- **EXERCISE PROMPT**
Please give the records below again in full, exactly, with the images left out.

- **Saved entries**

++++

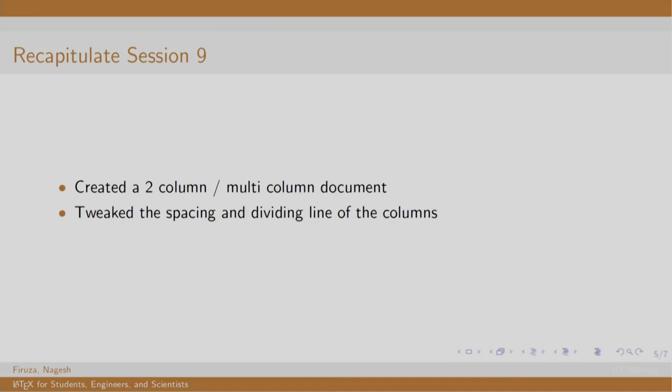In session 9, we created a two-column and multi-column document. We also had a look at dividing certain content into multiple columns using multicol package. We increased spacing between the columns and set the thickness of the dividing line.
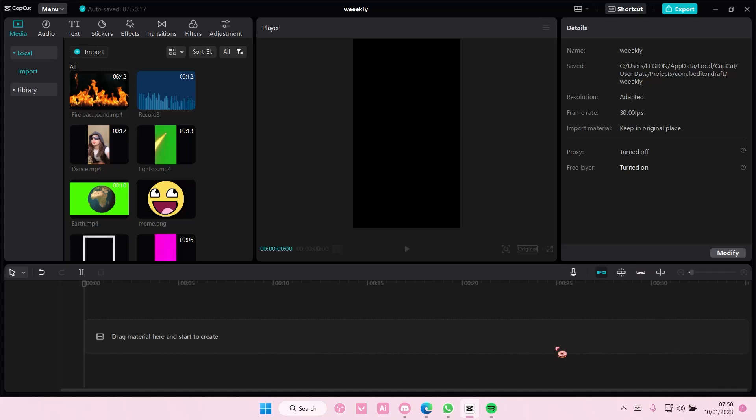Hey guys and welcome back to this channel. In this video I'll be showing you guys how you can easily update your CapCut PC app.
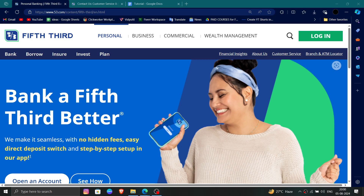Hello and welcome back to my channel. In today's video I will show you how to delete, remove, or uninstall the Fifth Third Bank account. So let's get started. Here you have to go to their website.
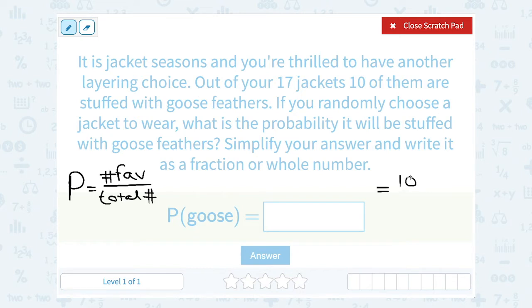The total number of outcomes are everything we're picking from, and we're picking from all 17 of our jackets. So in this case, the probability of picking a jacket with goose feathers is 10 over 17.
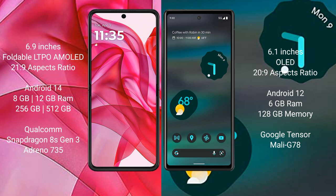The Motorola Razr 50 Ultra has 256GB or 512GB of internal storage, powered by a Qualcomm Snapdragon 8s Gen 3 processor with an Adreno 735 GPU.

++++

- **ANSWER FOR THE TASK**
In session 9, we created a two-column and multi-column document. We also had a look at dividing certain content into multiple columns using multicol package. We increased spacing between the columns and set the thickness of the dividing line.
Hey guys and welcome back to this channel. In this video I'll be showing you guys how you can easily update your CapCut PC app.
Hello and welcome back to my channel. In today's video I will show you how to delete, remove, or uninstall the Fifth Third Bank account. So let's get started. Here you have to go to their website.
The total number of outcomes are everything we're picking from, and we're picking from all 17 of our jackets. So in this case, the probability of picking a jacket with goose feathers is 10 over 17.
The Motorola Razr 50 Ultra has 256GB or 512GB of internal storage, powered by a Qualcomm Snapdragon 8s Gen 3 processor with an Adreno 735 GPU.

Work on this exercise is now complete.